Decided September 2, 1970.

Frank J. Kelley, Attorney General, Robert A. Derengoski, Solicitor General, James K. Miller, *374 Prosecuting Attorney, and Wesley J. Nykamp, Chief Appellate Attorney, for the people.

Clifford J. Murphy, for defendant on appeal.

Before: HOLBROOK, P.J., and DANHOF and ROOD,[*] JJ.

HOLBROOK, P.J.

On the morning of November 4, 1966, following a fire of undetermined cause at the family residence in the city of Wyoming, Kent county, Michigan, two small children, William Ogg, Jr., age 5, and his brother, Philip Ogg, age 4, sons of defendant, Irene Phyllis Ogg and her husband, William Wayne Ogg, were found dead by firemen in an upstairs room. The children had been left unattended and locked in their sleeping quarters on that fateful morning and died from the inhalation of carbon monoxide fumes. Defendant was convicted of involuntary manslaughter in the death of William Ogg, Jr., and sentenced to a term of 3 to 15 years in the Detroit House of Correction, a sentence she is presently serving. CL 1948, § 750.321 (Stat Ann 1954 Rev § 28.553).

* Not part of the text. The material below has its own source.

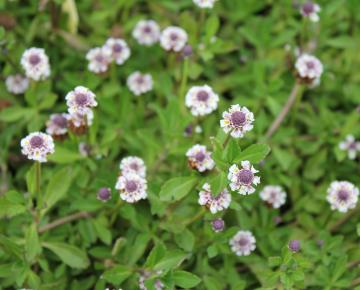 Lippia nodiflora (Phylla nodiflora)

On the evening prior to the fire, both defendant and her husband went away in the early evening. William Ogg, a vacuum cleaner salesman, went to his office and returned sometime after midnight, while defendant departed to conduct a sales demonstration party away from home, leaving William Ogg, Jr., and Philip Ogg in the charge of the two older children, Melvin Ogg, age 6, and Richard Jensen, age 10, the latter being defendant's child by a former marriage. Defendant left the house between 7 and 7:30 p.m., returning shortly before midnight. Prior to leaving the house, defendant instructed *375 Richard that he could lock the younger children in their room in the event that they gave him any trouble. The procedure used in the Ogg household for this purpose was that of "knifing the door," by wedging a knife between the door and the casing in such a way as to prevent opening of the door.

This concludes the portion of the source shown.